## Aim of the task
Write the data out again exactly, with every picture removed.

## Information supplied
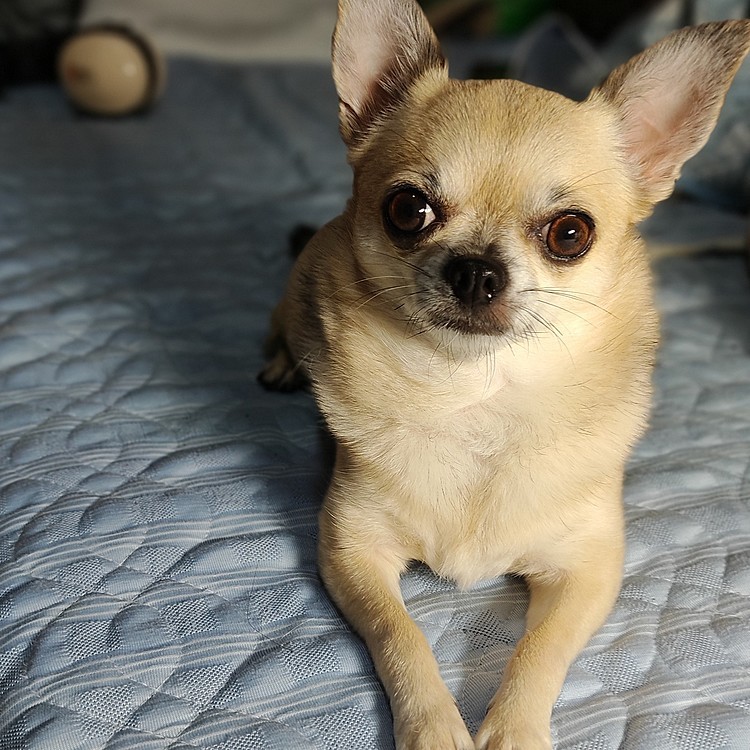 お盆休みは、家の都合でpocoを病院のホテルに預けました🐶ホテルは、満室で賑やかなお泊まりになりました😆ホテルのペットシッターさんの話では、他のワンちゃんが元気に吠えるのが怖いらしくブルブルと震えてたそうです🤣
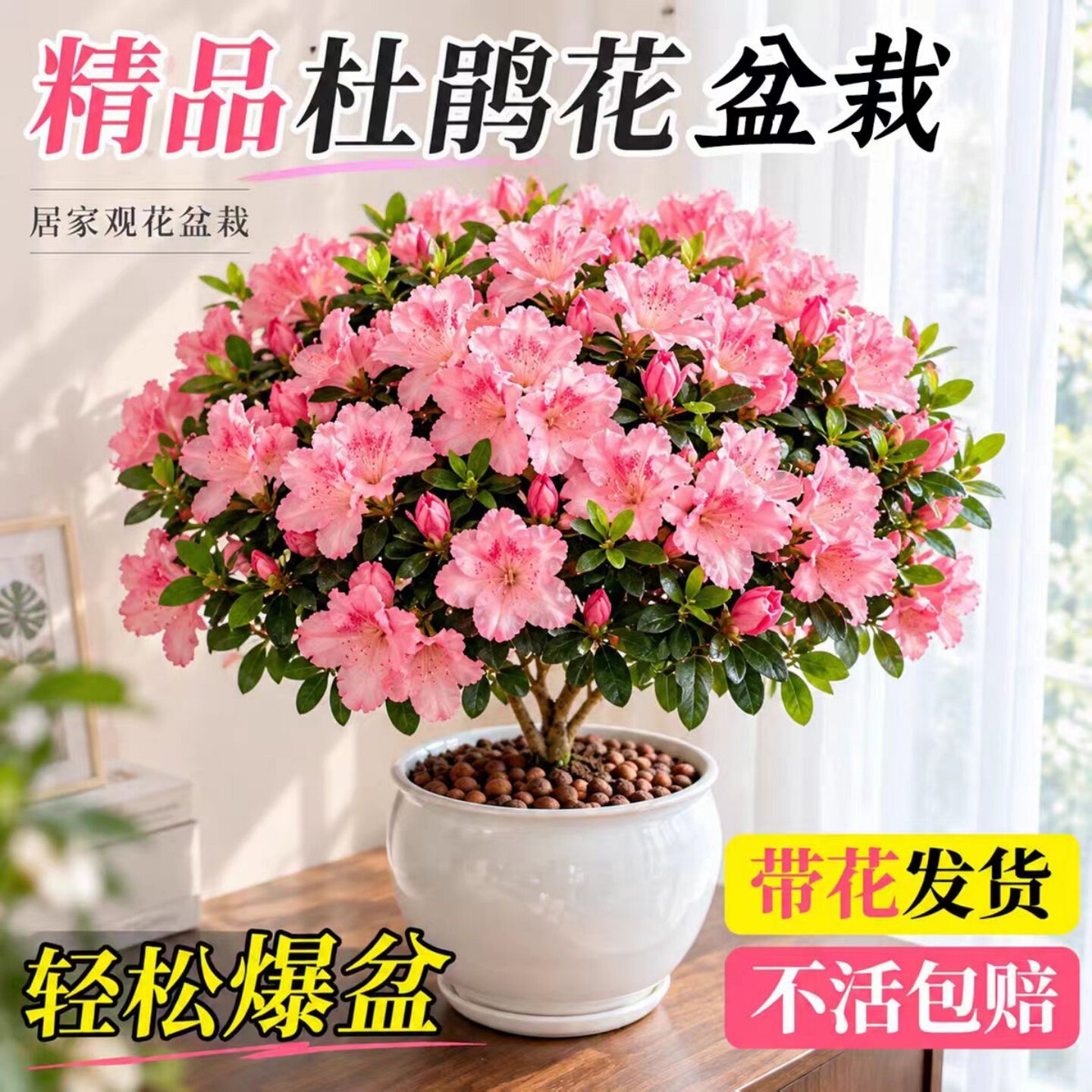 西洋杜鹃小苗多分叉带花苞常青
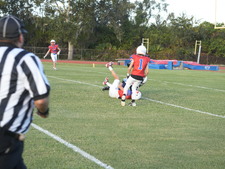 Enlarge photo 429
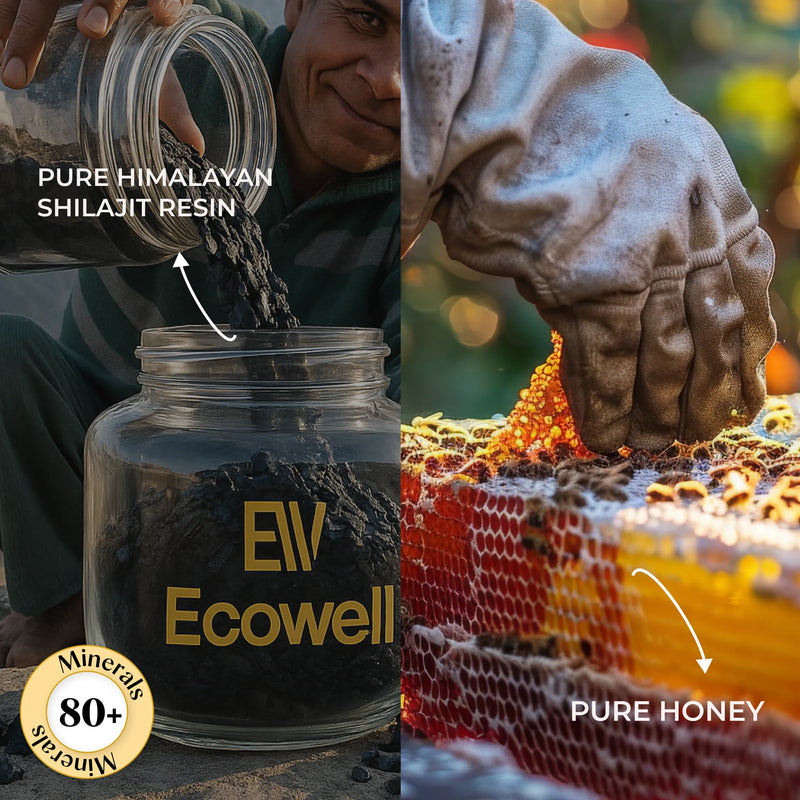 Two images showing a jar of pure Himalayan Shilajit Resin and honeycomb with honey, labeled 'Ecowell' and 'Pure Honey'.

## Your solution
 お盆休みは、家の都合でpocoを病院のホテルに預けました🐶ホテルは、満室で賑やかなお泊まりになりました😆ホテルのペットシッターさんの話では、他のワンちゃんが元気に吠えるのが怖いらしくブルブルと震えてたそうです🤣
 西洋杜鹃小苗多分叉带花苞常青
 Enlarge photo 429
 Two images showing a jar of pure Himalayan Shilajit Resin and honeycomb with honey, labeled 'Ecowell' and 'Pure Honey'.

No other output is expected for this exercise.